→ What you should do
All lines from the line containing "Used MG HS 2021 Black SUV" up to and including the last line of the entries must be written out exactly, with no others.

** Opening Available data block **

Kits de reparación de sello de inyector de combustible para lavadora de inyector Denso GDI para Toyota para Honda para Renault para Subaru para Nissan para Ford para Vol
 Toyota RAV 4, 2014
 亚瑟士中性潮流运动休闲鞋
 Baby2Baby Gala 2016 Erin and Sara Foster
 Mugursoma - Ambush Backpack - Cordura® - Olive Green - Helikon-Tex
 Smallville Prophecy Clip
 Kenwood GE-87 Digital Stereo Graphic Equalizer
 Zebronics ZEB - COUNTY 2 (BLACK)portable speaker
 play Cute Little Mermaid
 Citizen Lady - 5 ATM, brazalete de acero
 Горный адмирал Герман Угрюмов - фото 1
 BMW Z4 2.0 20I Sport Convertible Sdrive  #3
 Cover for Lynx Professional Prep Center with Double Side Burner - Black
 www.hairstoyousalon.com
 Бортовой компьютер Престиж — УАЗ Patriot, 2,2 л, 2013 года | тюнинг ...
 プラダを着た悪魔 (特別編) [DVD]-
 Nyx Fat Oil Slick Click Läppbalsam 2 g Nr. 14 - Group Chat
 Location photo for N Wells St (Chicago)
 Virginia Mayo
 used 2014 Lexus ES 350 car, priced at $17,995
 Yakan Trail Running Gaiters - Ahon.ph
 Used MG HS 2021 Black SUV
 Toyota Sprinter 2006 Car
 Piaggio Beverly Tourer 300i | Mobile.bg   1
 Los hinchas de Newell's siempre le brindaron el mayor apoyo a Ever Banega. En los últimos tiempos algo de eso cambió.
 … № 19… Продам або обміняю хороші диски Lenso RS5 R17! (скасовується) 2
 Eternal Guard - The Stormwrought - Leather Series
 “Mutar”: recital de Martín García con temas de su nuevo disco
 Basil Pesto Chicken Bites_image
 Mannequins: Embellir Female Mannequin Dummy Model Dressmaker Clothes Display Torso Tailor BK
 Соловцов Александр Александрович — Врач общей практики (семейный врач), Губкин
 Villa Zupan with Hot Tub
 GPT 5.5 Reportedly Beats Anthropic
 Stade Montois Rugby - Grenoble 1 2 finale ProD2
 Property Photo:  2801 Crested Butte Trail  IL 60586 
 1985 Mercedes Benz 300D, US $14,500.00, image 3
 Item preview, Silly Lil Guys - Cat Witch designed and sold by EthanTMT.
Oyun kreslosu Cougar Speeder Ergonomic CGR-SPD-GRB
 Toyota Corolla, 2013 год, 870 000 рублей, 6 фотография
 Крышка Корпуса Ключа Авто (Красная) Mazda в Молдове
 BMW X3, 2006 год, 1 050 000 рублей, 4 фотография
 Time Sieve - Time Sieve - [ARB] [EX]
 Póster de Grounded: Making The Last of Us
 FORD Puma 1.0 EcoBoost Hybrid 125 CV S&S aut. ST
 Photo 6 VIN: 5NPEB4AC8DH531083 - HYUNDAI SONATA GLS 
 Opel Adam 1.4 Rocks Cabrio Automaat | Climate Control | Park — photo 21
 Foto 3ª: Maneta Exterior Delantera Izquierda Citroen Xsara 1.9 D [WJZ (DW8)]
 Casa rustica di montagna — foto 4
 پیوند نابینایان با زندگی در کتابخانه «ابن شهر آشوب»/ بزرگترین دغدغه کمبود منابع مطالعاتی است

** Closing Available data block **

→ Result for this task
 Used MG HS 2021 Black SUV
 Toyota Sprinter 2006 Car
 Piaggio Beverly Tourer 300i | Mobile.bg   1
 Los hinchas de Newell's siempre le brindaron el mayor apoyo a Ever Banega. En los últimos tiempos algo de eso cambió.
 … № 19… Продам або обміняю хороші диски Lenso RS5 R17! (скасовується) 2
 Eternal Guard - The Stormwrought - Leather Series
 “Mutar”: recital de Martín García con temas de su nuevo disco
 Basil Pesto Chicken Bites_image
 Mannequins: Embellir Female Mannequin Dummy Model Dressmaker Clothes Display Torso Tailor BK
 Соловцов Александр Александрович — Врач общей практики (семейный врач), Губкин
 Villa Zupan with Hot Tub
 GPT 5.5 Reportedly Beats Anthropic
 Stade Montois Rugby - Grenoble 1 2 finale ProD2
 Property Photo:  2801 Crested Butte Trail  IL 60586 
 1985 Mercedes Benz 300D, US $14,500.00, image 3
 Item preview, Silly Lil Guys - Cat Witch designed and sold by EthanTMT.
Oyun kreslosu Cougar Speeder Ergonomic CGR-SPD-GRB
 Toyota Corolla, 2013 год, 870 000 рублей, 6 фотография
 Крышка Корпуса Ключа Авто (Красная) Mazda в Молдове
 BMW X3, 2006 год, 1 050 000 рублей, 4 фотография
 Time Sieve - Time Sieve - [ARB] [EX]
 Póster de Grounded: Making The Last of Us
 FORD Puma 1.0 EcoBoost Hybrid 125 CV S&S aut. ST
 Photo 6 VIN: 5NPEB4AC8DH531083 - HYUNDAI SONATA GLS 
 Opel Adam 1.4 Rocks Cabrio Automaat | Climate Control | Park — photo 21
 Foto 3ª: Maneta Exterior Delantera Izquierda Citroen Xsara 1.9 D [WJZ (DW8)]
 Casa rustica di montagna — foto 4
 پیوند نابینایان با زندگی در کتابخانه «ابن شهر آشوب»/ بزرگترین دغدغه کمبود منابع مطالعاتی است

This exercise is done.